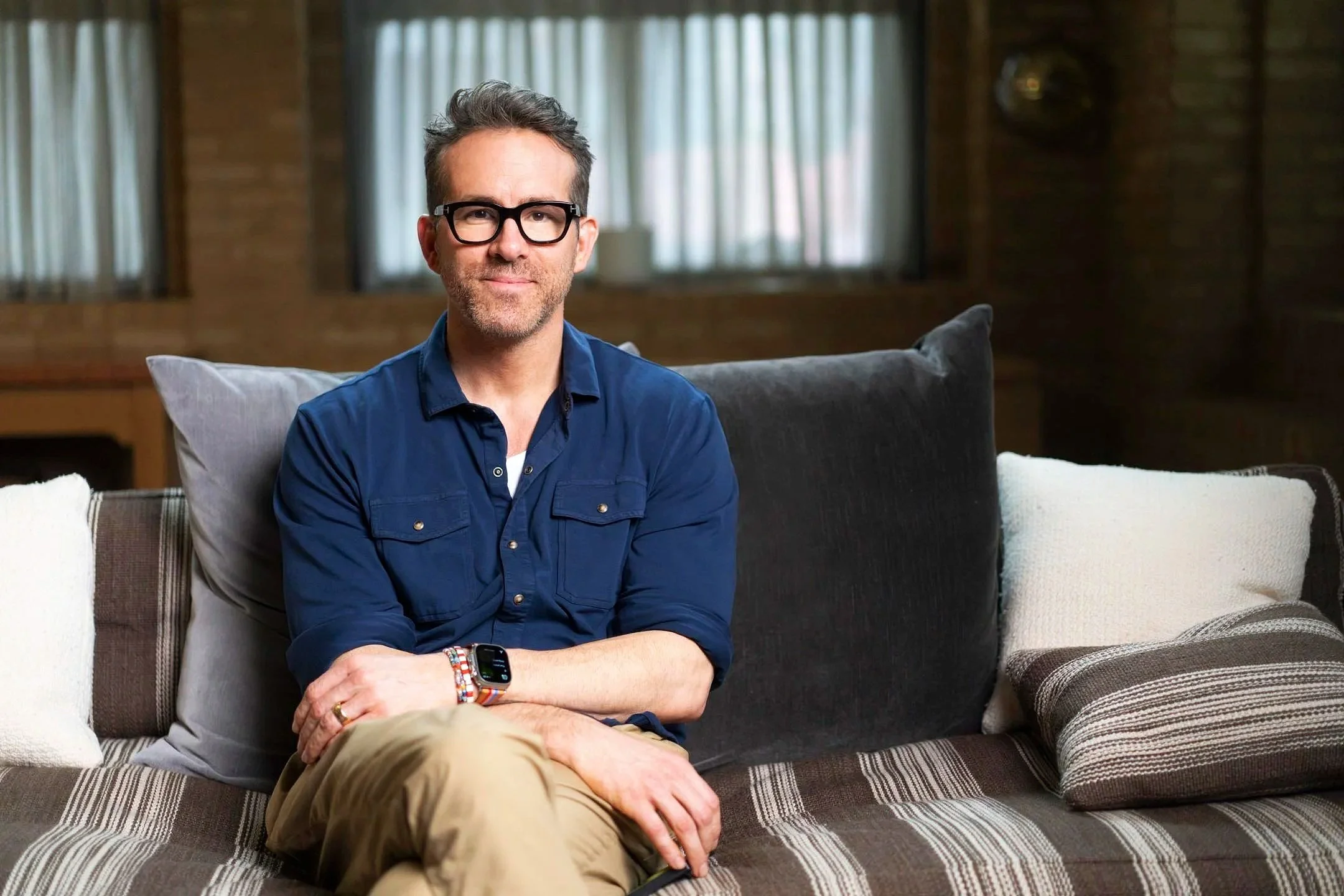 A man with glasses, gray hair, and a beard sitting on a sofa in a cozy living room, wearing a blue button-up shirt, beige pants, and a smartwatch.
* * *
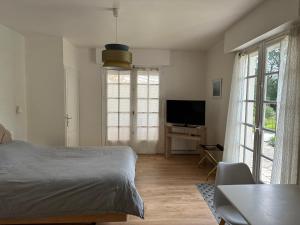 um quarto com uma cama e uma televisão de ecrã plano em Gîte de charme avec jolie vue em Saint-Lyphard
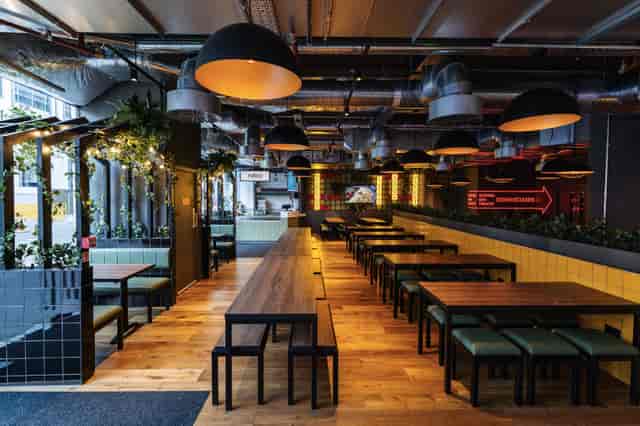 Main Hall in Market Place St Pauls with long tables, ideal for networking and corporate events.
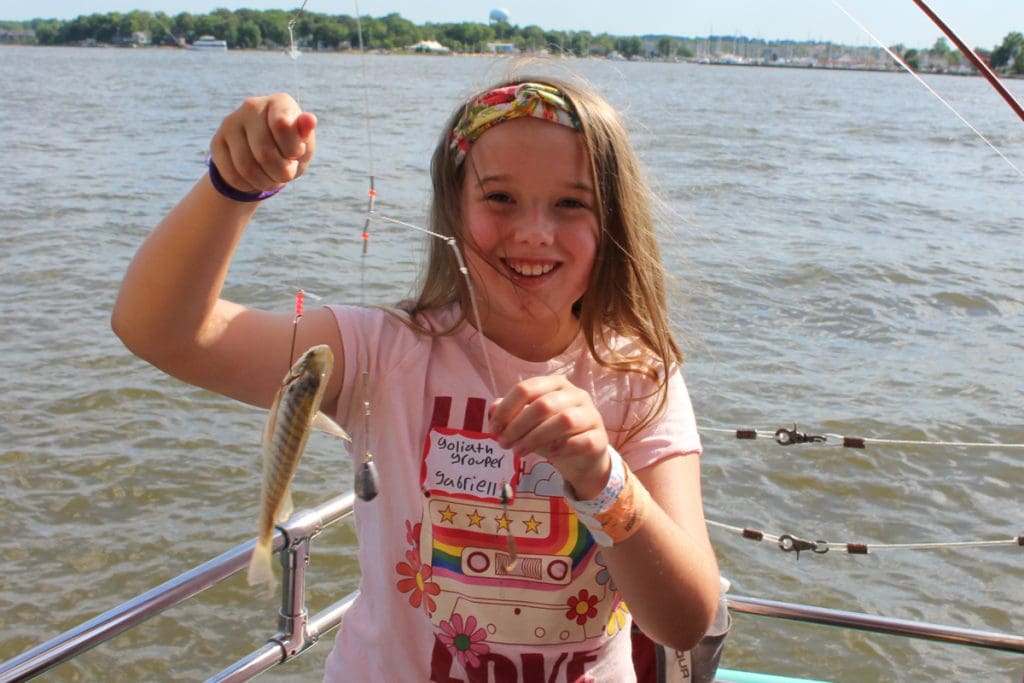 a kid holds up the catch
* * *
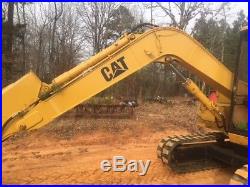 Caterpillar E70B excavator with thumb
* * *
_REQUIREMENT_.
Each line from the one that contains "Main Hall in" down to the one that contains "a kid holds up the catch" is to be returned exactly as it stands above, both ends included, with pictures removed.

_RESULT FOR THIS EXERCISE_.
 Main Hall in Market Place St Pauls with long tables, ideal for networking and corporate events.
 a kid holds up the catch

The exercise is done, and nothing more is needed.